== Data segment ==

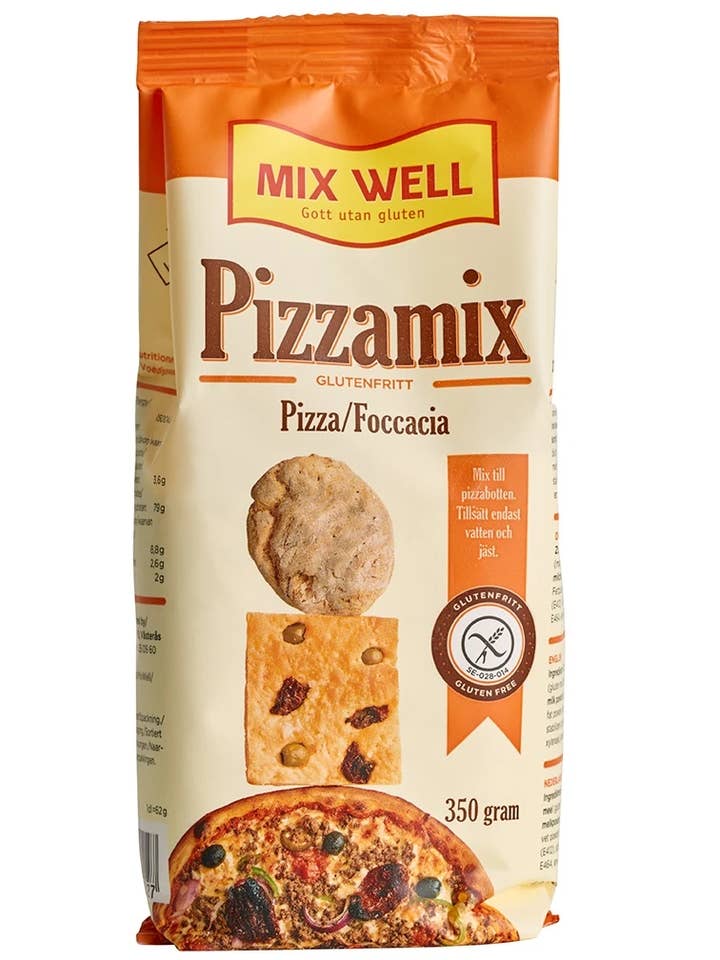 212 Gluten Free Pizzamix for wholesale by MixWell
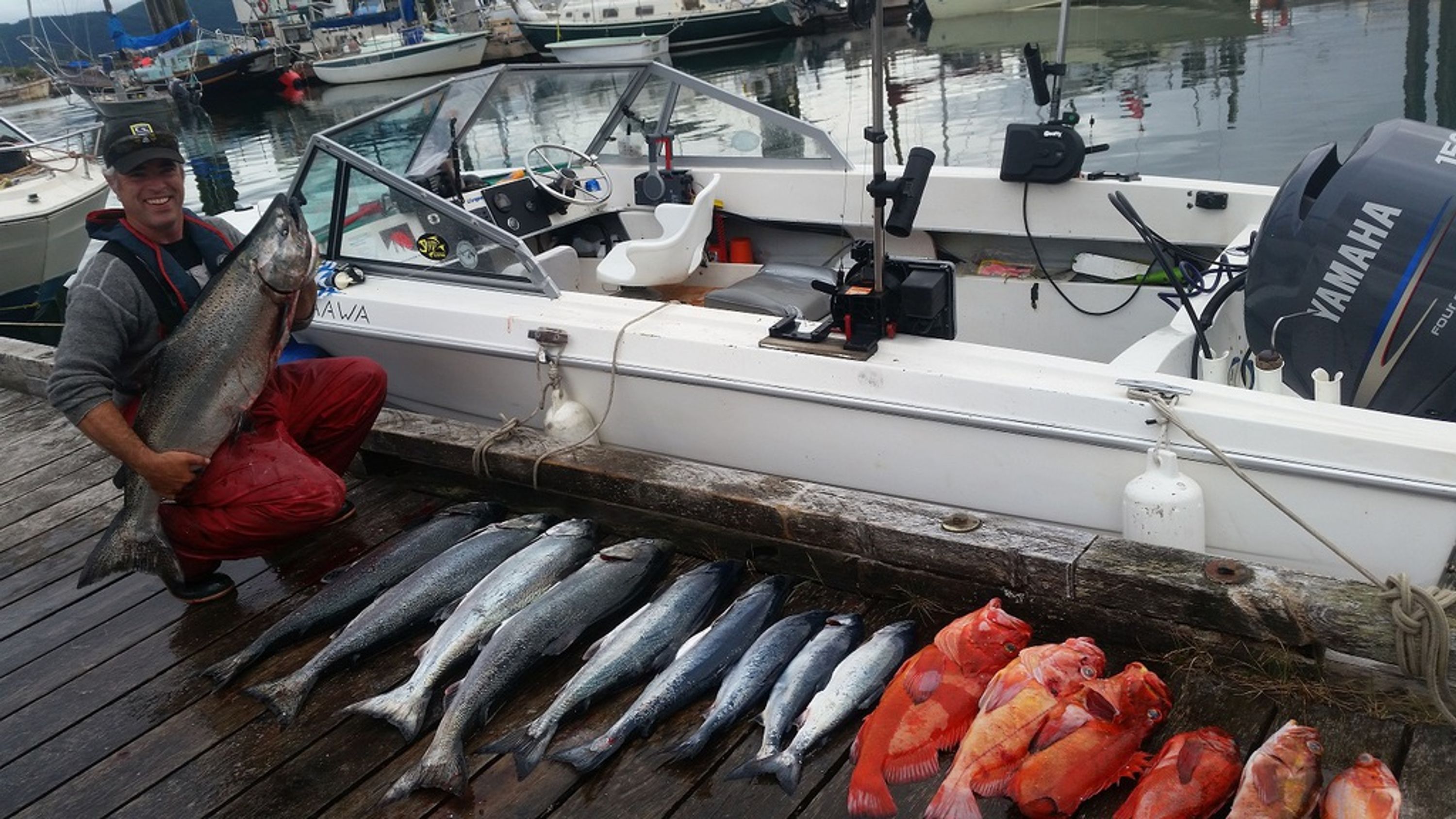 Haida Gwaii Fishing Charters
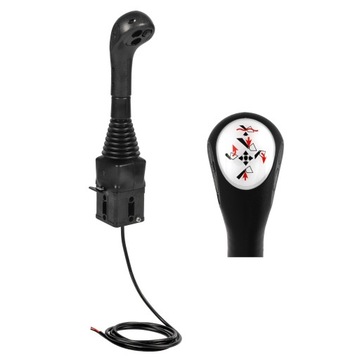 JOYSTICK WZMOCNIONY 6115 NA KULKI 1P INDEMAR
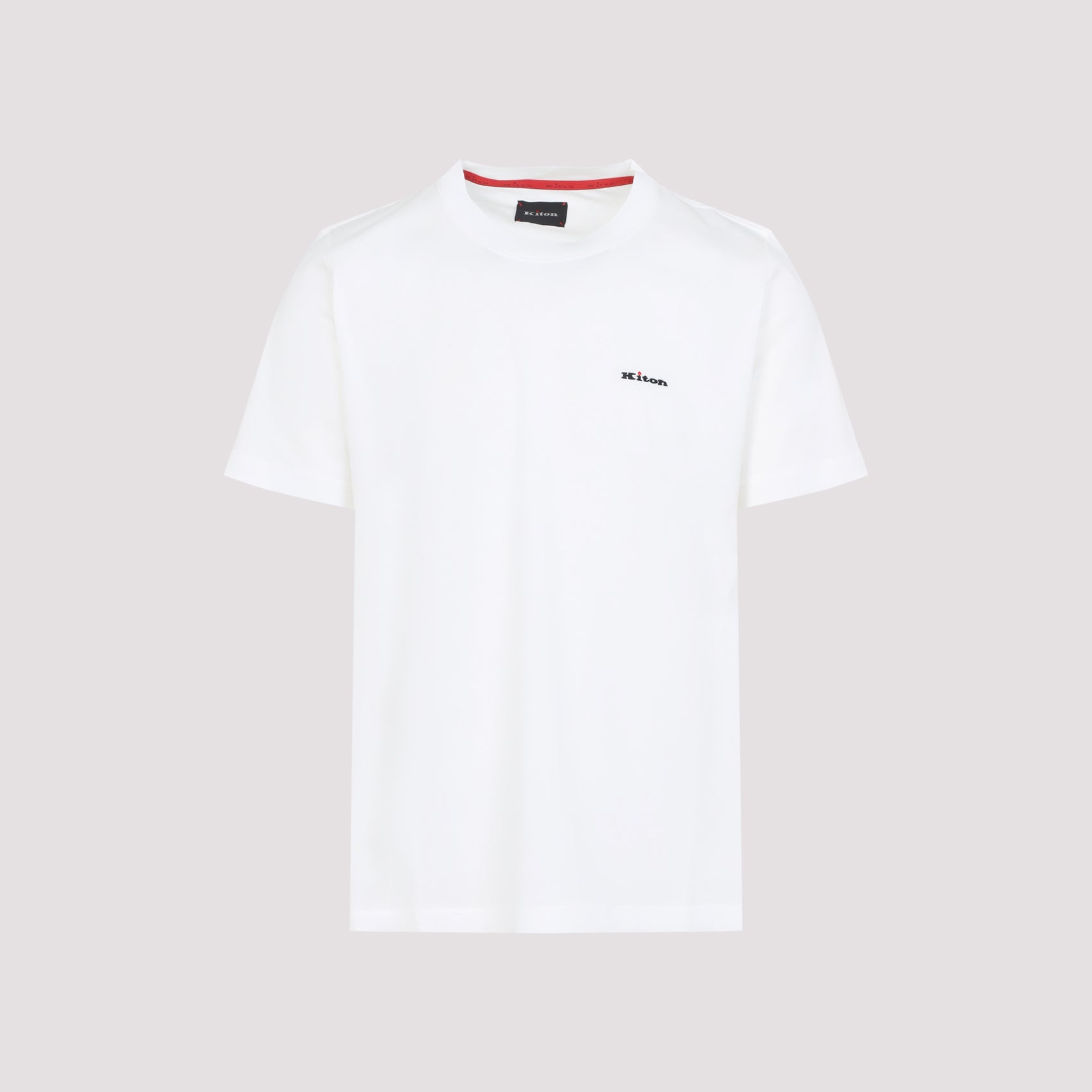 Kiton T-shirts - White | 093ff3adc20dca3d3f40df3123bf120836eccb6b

== Exercise instructions ==
Retype the data exactly; images stay out.

== Worked solution ==
 212 Gluten Free Pizzamix for wholesale by MixWell
 Haida Gwaii Fishing Charters
 JOYSTICK WZMOCNIONY 6115 NA KULKI 1P INDEMAR
 Kiton T-shirts - White | 093ff3adc20dca3d3f40df3123bf120836eccb6b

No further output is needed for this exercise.